Azerbaijan’s external balance is expected to stay in surplus in the medium term, with the current account balance (CAB) averaging 7.5 percent of GDP, supported by favorable energy prices, while growth in imports is expected to stabilize, reads an April World Bank (WB) report on the economies of Europe and Central Asia, “Unleashing the Power of the Private Sector,” Report informs.
According to the October forecast of the World Bank, this figure was expected to be 13.5% of GDP in 2024, and 13% of GDP in 2025.
“Money transfers are anticipated to cool further in 2024. Financial outflows decreased significantly as capital repatriation from natural gas production companies eased. The strong external position allowed the CBAR to accumulate reserves, which increased by 29 percent in 2023, to $11 billion, covering six months of imports,” reads the report.

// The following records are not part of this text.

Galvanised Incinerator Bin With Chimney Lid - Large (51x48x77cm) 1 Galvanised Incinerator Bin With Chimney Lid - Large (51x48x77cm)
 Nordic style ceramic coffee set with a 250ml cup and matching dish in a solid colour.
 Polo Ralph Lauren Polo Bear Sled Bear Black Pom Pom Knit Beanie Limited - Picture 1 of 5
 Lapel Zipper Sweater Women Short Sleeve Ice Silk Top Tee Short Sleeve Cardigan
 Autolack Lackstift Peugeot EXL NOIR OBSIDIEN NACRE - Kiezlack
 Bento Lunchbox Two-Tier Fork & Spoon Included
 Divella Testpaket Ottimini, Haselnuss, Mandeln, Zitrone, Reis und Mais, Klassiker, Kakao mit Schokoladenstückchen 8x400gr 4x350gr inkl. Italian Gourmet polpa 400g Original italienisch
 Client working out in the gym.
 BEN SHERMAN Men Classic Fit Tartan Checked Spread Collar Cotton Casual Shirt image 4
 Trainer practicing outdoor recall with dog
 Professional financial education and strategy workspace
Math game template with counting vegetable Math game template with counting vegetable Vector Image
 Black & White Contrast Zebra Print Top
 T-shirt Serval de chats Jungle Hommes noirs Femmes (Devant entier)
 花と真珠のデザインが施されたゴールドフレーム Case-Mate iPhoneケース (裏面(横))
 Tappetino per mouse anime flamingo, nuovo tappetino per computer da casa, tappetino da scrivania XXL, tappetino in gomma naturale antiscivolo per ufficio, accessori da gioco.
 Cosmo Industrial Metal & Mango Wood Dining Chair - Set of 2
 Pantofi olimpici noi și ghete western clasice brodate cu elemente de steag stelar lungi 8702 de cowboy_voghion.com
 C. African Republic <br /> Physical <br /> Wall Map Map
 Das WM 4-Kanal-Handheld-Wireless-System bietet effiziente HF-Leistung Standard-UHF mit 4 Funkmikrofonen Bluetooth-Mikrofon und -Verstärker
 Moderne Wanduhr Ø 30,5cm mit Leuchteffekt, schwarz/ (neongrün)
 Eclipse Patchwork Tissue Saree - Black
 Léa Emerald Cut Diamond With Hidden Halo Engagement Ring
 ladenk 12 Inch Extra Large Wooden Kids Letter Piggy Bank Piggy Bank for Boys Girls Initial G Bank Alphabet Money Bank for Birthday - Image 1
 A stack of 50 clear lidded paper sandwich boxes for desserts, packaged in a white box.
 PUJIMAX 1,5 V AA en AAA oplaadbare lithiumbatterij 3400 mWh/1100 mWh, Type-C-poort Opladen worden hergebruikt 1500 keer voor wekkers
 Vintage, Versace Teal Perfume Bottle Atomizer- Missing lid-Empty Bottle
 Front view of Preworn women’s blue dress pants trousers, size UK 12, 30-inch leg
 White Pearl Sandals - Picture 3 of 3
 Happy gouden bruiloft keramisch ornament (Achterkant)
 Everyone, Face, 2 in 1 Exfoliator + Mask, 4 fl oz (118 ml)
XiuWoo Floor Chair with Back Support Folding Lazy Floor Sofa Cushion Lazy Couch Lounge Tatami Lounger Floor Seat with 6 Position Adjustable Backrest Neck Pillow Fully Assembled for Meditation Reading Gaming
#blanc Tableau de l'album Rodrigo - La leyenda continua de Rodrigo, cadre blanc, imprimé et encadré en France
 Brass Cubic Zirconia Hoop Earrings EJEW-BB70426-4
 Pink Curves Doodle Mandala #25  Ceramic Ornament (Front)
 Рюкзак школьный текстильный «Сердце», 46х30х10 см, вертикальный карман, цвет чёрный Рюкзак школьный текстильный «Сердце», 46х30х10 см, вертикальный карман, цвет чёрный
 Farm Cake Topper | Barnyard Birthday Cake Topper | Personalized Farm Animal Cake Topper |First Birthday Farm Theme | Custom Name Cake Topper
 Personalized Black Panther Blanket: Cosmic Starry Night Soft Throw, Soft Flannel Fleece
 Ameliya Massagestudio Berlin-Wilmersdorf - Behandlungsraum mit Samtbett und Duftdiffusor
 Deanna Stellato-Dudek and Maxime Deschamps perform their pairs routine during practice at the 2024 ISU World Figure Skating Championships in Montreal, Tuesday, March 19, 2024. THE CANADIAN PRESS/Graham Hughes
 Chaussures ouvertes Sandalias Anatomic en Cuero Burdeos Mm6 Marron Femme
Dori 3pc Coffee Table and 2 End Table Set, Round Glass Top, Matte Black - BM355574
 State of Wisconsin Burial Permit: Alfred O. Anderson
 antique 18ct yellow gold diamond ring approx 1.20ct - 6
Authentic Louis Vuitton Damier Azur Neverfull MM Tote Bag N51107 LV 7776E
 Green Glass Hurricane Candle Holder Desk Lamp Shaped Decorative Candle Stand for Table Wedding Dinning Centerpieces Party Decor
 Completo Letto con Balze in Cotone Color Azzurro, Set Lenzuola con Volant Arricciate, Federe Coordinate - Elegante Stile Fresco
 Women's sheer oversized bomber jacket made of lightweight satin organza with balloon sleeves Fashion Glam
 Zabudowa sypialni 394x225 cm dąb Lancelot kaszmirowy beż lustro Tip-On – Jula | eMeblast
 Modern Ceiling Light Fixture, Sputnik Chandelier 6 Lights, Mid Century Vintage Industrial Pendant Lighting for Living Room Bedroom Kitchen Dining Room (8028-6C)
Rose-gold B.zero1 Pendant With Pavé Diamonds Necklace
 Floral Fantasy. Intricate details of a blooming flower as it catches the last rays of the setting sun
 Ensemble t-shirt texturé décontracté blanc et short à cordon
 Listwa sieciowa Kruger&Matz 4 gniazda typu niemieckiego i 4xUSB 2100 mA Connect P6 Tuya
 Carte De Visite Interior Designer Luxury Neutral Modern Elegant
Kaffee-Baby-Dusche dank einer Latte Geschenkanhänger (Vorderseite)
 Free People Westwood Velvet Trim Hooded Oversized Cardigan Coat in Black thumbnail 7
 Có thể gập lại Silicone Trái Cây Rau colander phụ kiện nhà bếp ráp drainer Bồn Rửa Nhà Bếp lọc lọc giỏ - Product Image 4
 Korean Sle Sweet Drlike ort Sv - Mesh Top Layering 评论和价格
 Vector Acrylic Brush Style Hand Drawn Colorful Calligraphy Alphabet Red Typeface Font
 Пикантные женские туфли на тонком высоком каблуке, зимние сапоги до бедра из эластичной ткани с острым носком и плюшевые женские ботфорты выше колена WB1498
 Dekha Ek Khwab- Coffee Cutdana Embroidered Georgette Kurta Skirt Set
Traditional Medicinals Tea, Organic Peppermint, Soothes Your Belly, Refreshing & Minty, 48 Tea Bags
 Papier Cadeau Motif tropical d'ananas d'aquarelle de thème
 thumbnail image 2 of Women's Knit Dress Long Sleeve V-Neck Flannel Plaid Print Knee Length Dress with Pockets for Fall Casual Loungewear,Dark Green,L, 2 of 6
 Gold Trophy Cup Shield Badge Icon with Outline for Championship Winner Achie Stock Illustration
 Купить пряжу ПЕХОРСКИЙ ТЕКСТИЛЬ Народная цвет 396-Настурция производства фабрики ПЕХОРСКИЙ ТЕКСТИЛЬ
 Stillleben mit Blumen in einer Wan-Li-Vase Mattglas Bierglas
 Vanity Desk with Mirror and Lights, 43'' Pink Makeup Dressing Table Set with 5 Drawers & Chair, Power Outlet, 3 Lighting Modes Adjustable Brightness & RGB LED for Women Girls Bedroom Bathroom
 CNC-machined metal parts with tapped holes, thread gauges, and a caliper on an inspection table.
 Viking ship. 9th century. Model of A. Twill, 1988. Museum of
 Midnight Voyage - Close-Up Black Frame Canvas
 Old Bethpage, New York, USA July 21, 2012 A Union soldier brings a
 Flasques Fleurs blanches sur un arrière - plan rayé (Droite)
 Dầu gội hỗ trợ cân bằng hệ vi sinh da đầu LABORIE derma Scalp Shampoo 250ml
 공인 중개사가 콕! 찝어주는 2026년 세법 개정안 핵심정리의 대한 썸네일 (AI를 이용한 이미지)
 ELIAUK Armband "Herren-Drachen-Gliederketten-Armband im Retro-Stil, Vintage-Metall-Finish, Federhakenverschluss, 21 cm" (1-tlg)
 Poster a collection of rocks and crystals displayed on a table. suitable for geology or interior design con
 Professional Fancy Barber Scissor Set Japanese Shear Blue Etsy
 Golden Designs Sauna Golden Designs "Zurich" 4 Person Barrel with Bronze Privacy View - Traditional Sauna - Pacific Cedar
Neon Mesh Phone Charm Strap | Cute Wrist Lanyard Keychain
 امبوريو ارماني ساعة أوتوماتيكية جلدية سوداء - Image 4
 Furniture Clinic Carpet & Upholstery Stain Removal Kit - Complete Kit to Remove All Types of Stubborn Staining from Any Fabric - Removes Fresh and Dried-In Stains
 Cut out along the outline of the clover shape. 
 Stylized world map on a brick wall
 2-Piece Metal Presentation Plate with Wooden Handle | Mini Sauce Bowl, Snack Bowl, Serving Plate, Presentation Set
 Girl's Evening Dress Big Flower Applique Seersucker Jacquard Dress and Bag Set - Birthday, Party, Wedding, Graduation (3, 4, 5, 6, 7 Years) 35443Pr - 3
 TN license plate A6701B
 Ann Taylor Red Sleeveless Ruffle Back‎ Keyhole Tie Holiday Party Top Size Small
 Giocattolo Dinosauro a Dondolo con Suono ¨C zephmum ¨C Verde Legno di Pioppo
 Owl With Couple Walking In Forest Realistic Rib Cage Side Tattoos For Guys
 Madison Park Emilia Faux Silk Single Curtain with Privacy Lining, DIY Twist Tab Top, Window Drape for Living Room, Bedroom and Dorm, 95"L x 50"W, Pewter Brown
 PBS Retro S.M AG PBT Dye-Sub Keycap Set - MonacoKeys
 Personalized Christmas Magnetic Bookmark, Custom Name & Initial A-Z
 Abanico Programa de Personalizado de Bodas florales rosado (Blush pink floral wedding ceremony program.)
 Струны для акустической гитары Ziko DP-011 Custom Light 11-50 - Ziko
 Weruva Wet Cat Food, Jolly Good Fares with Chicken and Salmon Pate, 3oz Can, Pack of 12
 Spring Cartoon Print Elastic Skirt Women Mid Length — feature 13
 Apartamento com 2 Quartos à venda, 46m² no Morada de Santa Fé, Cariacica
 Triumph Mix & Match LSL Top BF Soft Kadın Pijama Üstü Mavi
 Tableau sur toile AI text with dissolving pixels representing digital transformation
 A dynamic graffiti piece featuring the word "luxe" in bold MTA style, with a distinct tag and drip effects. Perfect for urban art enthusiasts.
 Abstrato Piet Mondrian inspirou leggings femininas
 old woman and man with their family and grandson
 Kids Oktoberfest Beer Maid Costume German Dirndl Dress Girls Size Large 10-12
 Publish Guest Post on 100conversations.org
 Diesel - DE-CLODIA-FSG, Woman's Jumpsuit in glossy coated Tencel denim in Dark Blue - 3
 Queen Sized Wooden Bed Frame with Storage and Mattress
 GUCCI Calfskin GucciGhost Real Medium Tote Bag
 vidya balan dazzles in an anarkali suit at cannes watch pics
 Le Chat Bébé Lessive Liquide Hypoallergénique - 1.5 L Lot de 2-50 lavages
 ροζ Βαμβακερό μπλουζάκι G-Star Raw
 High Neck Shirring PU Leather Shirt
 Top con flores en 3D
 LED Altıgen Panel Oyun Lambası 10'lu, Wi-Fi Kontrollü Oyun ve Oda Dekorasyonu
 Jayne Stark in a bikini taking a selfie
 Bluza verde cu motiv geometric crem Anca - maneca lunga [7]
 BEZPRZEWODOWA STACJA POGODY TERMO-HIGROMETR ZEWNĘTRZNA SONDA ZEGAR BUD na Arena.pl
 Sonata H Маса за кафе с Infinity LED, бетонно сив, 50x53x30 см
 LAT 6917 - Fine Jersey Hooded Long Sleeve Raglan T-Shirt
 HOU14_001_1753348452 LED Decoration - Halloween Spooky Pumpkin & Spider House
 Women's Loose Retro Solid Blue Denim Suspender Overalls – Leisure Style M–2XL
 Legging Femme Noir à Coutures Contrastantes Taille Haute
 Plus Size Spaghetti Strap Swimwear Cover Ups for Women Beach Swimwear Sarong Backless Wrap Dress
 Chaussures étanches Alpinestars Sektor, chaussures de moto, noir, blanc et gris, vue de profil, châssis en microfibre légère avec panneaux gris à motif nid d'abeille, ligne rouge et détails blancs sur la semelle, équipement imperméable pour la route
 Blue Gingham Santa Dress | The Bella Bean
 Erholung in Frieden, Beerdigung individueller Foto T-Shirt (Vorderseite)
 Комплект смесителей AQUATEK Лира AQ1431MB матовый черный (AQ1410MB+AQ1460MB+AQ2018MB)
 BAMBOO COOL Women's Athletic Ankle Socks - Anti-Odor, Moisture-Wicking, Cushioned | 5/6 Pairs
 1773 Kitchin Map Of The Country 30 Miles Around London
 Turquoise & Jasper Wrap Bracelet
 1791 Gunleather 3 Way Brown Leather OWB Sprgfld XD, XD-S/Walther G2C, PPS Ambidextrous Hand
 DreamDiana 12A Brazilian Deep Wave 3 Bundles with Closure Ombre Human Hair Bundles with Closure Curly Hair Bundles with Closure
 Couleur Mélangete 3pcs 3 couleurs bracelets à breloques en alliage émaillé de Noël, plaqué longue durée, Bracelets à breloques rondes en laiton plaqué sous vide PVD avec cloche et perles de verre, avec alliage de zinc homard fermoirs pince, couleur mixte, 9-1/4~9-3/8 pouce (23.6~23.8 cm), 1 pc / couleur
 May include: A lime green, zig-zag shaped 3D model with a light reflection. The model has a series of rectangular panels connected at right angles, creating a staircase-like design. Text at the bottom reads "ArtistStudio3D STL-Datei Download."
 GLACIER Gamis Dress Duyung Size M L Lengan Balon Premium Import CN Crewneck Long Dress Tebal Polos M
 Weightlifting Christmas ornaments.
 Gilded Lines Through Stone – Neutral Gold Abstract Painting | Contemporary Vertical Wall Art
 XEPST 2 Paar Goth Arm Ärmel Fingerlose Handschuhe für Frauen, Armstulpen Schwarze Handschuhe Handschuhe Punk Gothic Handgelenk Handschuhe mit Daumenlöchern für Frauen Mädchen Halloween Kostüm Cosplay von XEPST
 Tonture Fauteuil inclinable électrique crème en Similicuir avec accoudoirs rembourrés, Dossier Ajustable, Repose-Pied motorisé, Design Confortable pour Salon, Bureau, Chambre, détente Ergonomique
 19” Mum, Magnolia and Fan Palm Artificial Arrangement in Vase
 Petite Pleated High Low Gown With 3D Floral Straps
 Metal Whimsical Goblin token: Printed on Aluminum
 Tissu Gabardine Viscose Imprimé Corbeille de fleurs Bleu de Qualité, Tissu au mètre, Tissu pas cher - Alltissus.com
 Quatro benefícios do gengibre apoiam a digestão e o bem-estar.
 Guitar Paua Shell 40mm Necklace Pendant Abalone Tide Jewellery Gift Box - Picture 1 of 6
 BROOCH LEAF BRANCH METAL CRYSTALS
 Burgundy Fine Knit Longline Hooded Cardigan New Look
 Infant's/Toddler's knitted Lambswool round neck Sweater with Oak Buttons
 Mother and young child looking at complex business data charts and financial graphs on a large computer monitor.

The current account surplus of Azerbaijan’s balance of payments in 2023 amounted to $8.329 billion or 11.5% of GDP. Compared to 2022, the surplus decreased by 64.5% or 2.8 times, which is due to lower oil and gas prices in 2023.
According to the balance of payments, the average oil price in 2023 was $85.9 per barrel compared to $103.7 per barrel in 2022.
The surplus in the oil and gas sector amounted to $17.91 billion (a decline of 40.4%), while in the non-oil and gas sector the deficit amounted to $8.762 billion (an increase of 68.9%).